Lower Taxes, Good. Weaker Government, Better
What Mr. Pound doesn’t seem to realize is that the primary concern of the IC crowd is the removal of any impediments to the exercise of their power. Having their taxes cut is secondary (in line with the wealth/power equation outlined elsewhere in this issue of the Notes). Since the only institution powerful enough to place any meaningful limits on corporate power in recent years is the government—federal and state—then it follows that the agenda of the corporate leadership in this country is to reduce the power of any and all governments by “starving” them of the funds needed to do, well, anything. Not just in this country, either; the U.S. withholding of our U.N. dues over the past decade was motivated by the same agenda.

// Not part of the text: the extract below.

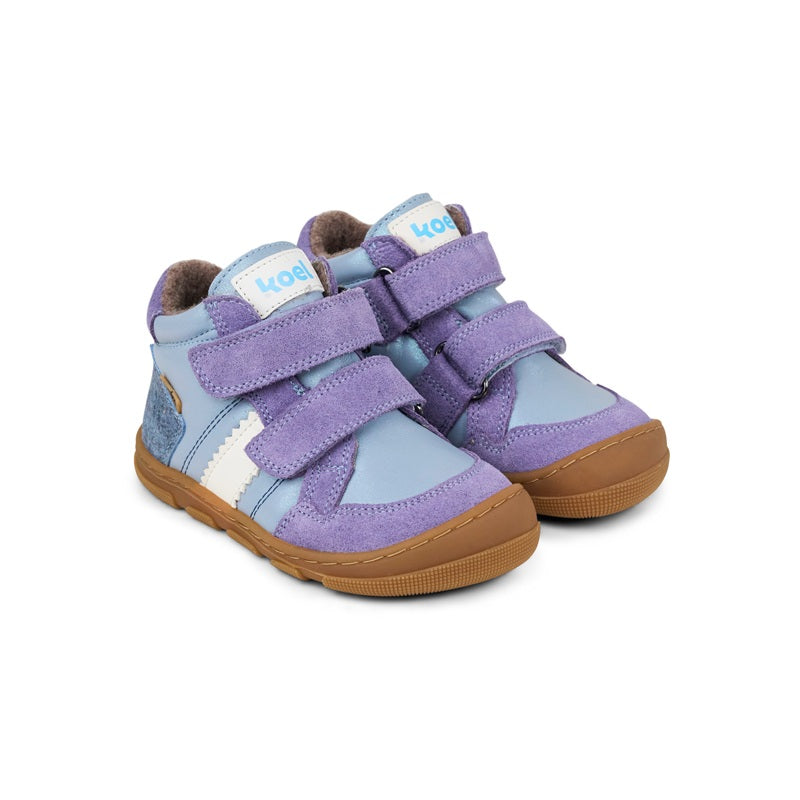Koel Kabriel 3.0 Fantasy Jeans Barfußschuh

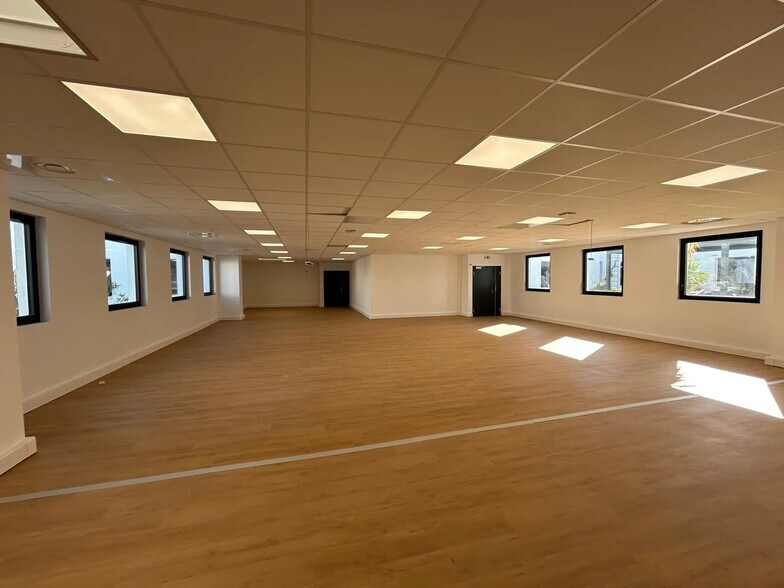 Impasse Paradou, Marseille à louer - Photo du bâtiment - Image 3 de 14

The fact that this is at the center of the IC agenda is no secret. They aggressively support “limited government” and oppose “big government,” as I pointed out last week, in “The Core of the IC Agenda.” The grab for power is always cloaked in the language of preserving “freedom” and “sovereignty,” and that’s accurate. They want to preserve their freedom to use their wealth and power however they like, the public—and the world—be damned.
When virtually all of us are talking about who gets the tax cuts, we are helping to disguise the real agenda, which is who does not get the revenue. In addition to removing impediments to their power, putting the government on a “tax diet” further weakens the Popular Government, making people even more disenchanted with its ineffectiveness and ever more cynical. The weaker a public institution is, the less people care when it is weakened even further.
Elites win twice when this dynamic is established. First of all, the government is weak and they are more powerful. The second reason is that it jump-starts the 1-2-3 “Demagogue Dynamic” that can be used to institutionalize that power, as I explain elsewhere in this issue. So, not only are we losing this round, but the next round is being set up with the cards stacked (to mix a metaphor).
The “President” refers to his plan as an “economic stimulus” plan. Critics claim to be in opposition when they refer to it as a “tax cut” plan. To observe this dynamic is to witness a truly remarkable propaganda coup. We’re all arguing about whether this is a dog or a cat, when it’s a different animal entirely. It’s not a tax cut plan, and it’s not an economic stimulus plan. It’s a plan to delegitimize any and all public spending for the public good. As such, it’s an attack on not only the weak and unresponsive government we have, but on the strong and democratic Popular Government we could have. And, unless we learn to see this propaganda and act fearlessly to counter it, it looks like it might just work.